As previously mentioned, Opportunity Funds are governed by IRC section 1400Z-2 and Opportunity Funds can self-certify to the IRS. But each Opportunity Fund is responsible for ensuring that they abide by the guidelines of regulations in order to be able to offer tax incentives. Because Opportunity Zones are intended to stimulate positive growth within designated communities, there are restrictions on the types of investments in which an Opportunity Fund can invest. These investments are called “Qualified Opportunity Zone property,” which is defined as any one of the following:
Partnership interests in businesses that operate in a qualified Opportunity Zone.
Stock ownership in businesses that conduct most or all of their operations within a qualified Opportunity Zone.
Property such as real estate located within a qualified Opportunity Zone.
There are rules that govern each of these three investment options, but the rules for businesses are similar to those of the Enterprise Zone Business requirements. For property such as real estate, the rules are somewhat different. The types of real estate investments allowed under regulations are limited to ensure that the communities are improved with each investment.
Essentially, Opportunity Funds can only invest in the construction of new buildings and the substantial improvement of existing unused buildings. If an Opportunity Fund invests in the improvement of an existing building, it must invest more in the improvement of the building than it paid to buy the building. Whether the building is constructed from the ground up or improved, the development of the building must be completed within 30 months of purchase.
Tax Advantages of Investing in Opportunity Zones
Investors who choose to invest in Opportunity Zones are rewarded with capital gains tax incentives immediately and in the long run.
Think about this. When you divest an appreciated asset, the capital gains from that transaction generate a taxable event. On the other hand, if you place this capital into an Opportunity Fund, you defer and reduce the tax duties from the gains. Not only that... You could qualify to receive tax-free treatment from all future capital gains generated through the funds. Altogether, these incentives can greatly increase the after-tax ROI realized by Opportunity Zone investors.
There are a few criteria you should know:
Investors who reinvest capital gains into an Opportunity Fund can defer paying capital gain taxes on those funds until April 2027 for investments help through December 31st, 2026. Also, the funds must be invested in an Opportunity Zone within 180 days to qualify for this incentive.

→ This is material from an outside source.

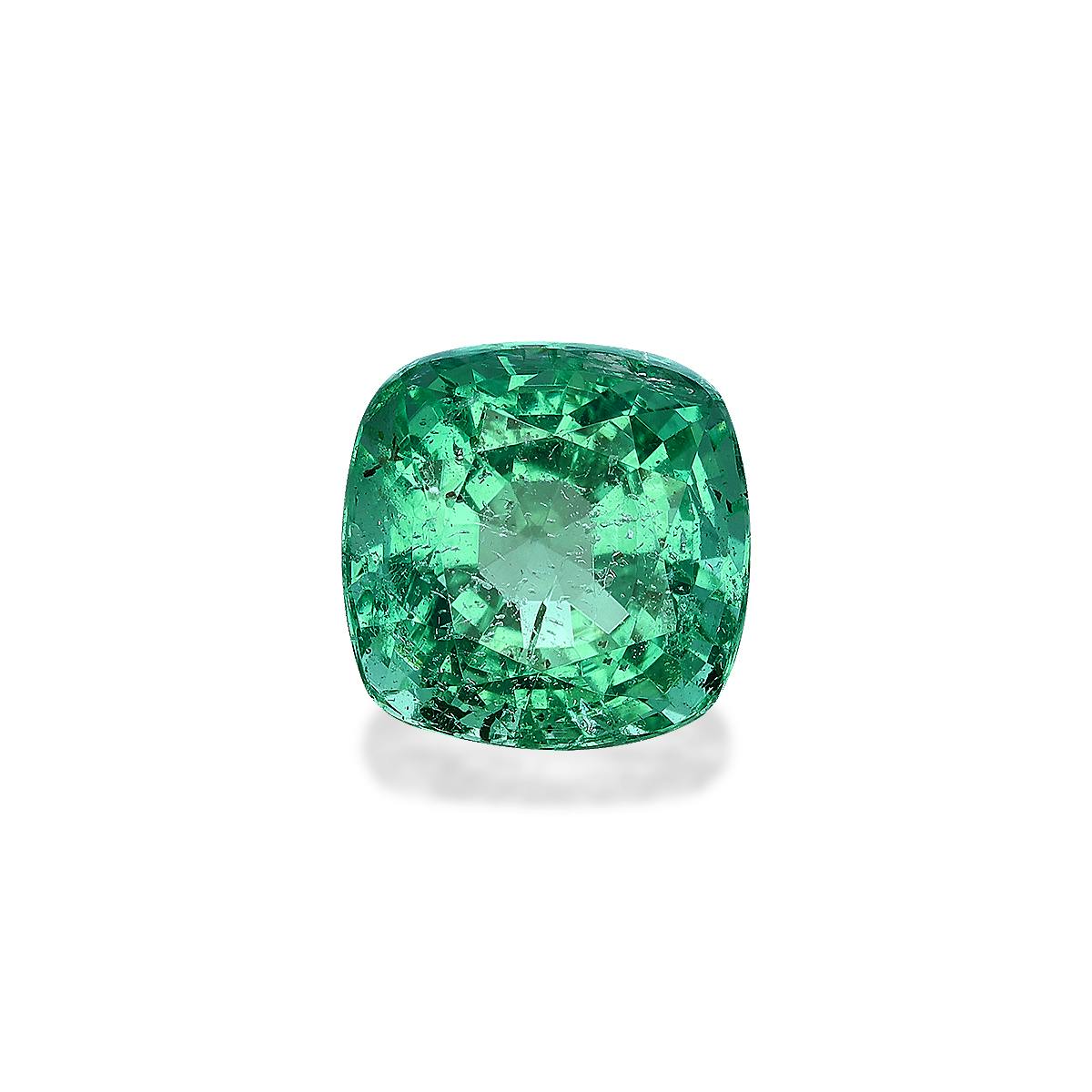 Picture of Green Colombian Emerald 2.98ct - 8mm (PG0614)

Those who hold their Opportunity Zone investment for 5 years prior to December 31st, 2026, can reduce the liability on the deferred capital gain principal invested in the Opportunity Fund by 10%. If the investment is held for 7 years, the liability can be reduced by up to 15%
Those who hold their Opportunity Fund investment for at least 10 years should expect to pay no capital gains taxes on the appreciation of their Opportunity Fund investment. The reason being that Opportunity Zone investments can potentially qualify for complete exclusion from the capital gains tax when the investment is held for 10 years.
Knowing this, investors need to know the timeline of events to take advantage of their Opportunity Zone investments and the tax incentives inherent to them. This is especially important for those who invested in 2019. Nevertheless, with the crisis, we are living and the impact these investments have had in many communities around the US, we expect these benefits to be extended in the future.